Killing a character depends on what mood you want to create, and what meaning you want to insert it on a death of a character. It could be that a character dies in a blaze of glory or maybe an ironic one.
Point is it’s about perspective of who experienced it or what the dying character thinks, or narrator. What would a son that never spent enough time with his mother suddenly die of a heart attack and what narrative would that bring? It’s up to your interpretation.
And If you don’t want to make it boring don’t make it too dramatic especially if it’s a not well known character by the readers. Make the death of said character reflects on what they are, or don’t and give them a merciless death because reality or whatever, again It’s up to your narrative.
I’m no writer though so don’t take my word for it lol.

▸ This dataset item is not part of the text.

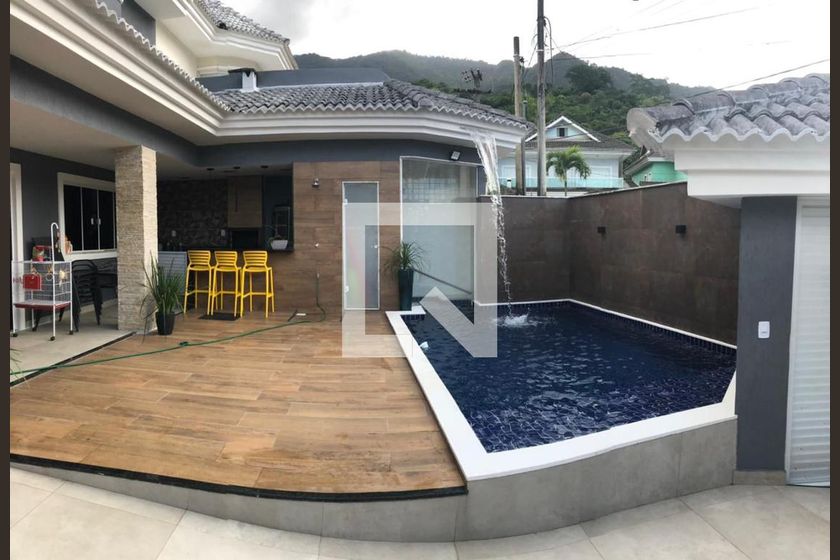 Casa, 3 quartos, 240 m² - Foto 31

Big bad super evil guy that is basically central to the plot of the story or chapter? Drag it out, display every ability, tool, preparations, and even the environmental advantages and disadvantages of every character involved.
Irrelevant character? Pfft, who cares.
And also if you gonna do an asspull deus ex machina thing, show it before the fight.
Example of this
“Simon prepares countless cartridges of golden bullets enclosed in old thick parchment covered in a veneer of old fish oil. The worn leather pouch can only carry so much, with some of the bullets ending up in his inner pockets of his coat.”
BBEG Fight ensues.
“Simon frantically puts his jittery hands in to his leather pouch only to feel nothing but the slippery veneer left from the cartridges. One of Tate’s cronies seizes the opportunity to strike with his greataxe only to be quickly parried by Simon’s musket. However, this left him unarmed as his musket’s barrel took the brunt of the blow, warping it beyond repair. This is his last weapon. By instinct he grabbed a cartridge from his inner pockets, holding it like a pistol. Aimed straight at Tate’s forehead, he conjures what little magic he could muster from his exhausted body. Magma sweated from his fingertips, igniting the gunpowder and propelling the bullet dead center to her forehead.”
(Guh this shits feel like my unfinished collab novel with my friends )
I have no idea how to explain it so im just gonna put example here:
“As the moonlight cascaded through the room, casting eerie shadows on the walls, a haunting silence filled the air, broken only by the faint sound of a single, venomous whisper before the lifeless body crumpled to the floor, leaving behind a trail of unanswered questions and a chilling sense of foreboding.”
This sentence sets a mysterious and dramatic tone, leaving readers intrigued about the circumstances surrounding the character’s death and eager to uncover the secrets and revelations that lie ahead in the story. Remember, the impact of the death can be heightened by focusing on the emotional reactions and aftermath of the event, as well as the consequences it has on the other characters.